迎えた二次トーナメント。組み合わせが決まった時から、母校の名前は常に頭の片隅で意識せざるを得なかった。初戦で難敵の実践学園高を1-0で下した試合後。豊島はこう語っている。「実はまだ母校と戦ったことが公式戦では1度もないので、ウチが全国大会に行くチャンスの時は、やっぱり母校とやるのかなという、そんな気もちょっとしているんです」。帝京はトーナメントの“山”の一番上。お互いに勝ち上がれば激突するのは準決勝。2校が全国切符を手にすることができる東京の予選では、そこが決戦のステージとなる。

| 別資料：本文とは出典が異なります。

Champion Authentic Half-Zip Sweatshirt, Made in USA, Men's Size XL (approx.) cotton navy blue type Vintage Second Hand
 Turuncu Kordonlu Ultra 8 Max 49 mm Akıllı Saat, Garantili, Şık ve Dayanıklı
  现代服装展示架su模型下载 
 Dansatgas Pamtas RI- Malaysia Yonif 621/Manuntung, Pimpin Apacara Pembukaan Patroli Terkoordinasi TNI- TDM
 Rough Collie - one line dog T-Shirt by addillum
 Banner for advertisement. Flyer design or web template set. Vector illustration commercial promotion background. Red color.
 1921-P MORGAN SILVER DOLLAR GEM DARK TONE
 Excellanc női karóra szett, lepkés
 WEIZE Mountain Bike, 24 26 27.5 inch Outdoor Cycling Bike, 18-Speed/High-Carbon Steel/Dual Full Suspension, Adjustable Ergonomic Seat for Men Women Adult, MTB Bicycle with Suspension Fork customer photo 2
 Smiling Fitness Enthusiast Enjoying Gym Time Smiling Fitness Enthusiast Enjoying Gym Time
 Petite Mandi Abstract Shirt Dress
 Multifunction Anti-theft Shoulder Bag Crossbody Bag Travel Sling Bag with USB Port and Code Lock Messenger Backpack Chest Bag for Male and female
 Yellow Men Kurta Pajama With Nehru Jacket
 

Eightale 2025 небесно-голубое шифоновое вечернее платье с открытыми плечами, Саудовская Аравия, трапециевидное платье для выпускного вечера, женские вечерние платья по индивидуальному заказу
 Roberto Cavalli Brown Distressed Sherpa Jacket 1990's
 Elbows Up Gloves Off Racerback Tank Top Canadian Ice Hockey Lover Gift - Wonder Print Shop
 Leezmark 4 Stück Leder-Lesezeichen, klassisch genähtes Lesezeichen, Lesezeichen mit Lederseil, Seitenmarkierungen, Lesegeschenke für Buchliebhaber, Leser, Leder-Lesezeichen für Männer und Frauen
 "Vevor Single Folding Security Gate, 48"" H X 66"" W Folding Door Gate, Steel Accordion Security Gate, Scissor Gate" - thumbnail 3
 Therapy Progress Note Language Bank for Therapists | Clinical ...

準々決勝の堀越高戦は先制を許しながらも、延長で逆転に成功して2-1で辛勝。その1つ前の試合で、やはり延長の末に勝利を収めていた帝京との対戦が決まる。3度目となる代表決定戦への意気込みを問われ、答えた豊島の言葉が印象深い。「『揃ったな』って思っています。帝京と“決定戦”ができるのは『もう何かの縁かな』って。だから、『3度目の正直』という言葉を使いたいなと。でも、帝京なしでは僕はここにいないし、やっぱり母校愛はありますし、凄く良いチームですから、失うものはないのでチャレンジ精神でやっていきたいと思っています」。母校と初めて対峙する試合は、全国に行けるか、行けないかという結末だけが突き付けられる大一番。因縁に彩られた勝負の準決勝がやってくる。
6月22日。かつて忠誠を誓ったカナリア色のユニフォームを目にしても、なぜか落ち着いている自分にはっきりと気付く。ここを超えなくては、悲願を引き寄せることはできない。それでも、カナリア色はただの“対戦相手”だと割り切ることができている。豊島はなぜか落ち着いている自分にはっきりと気付いていた。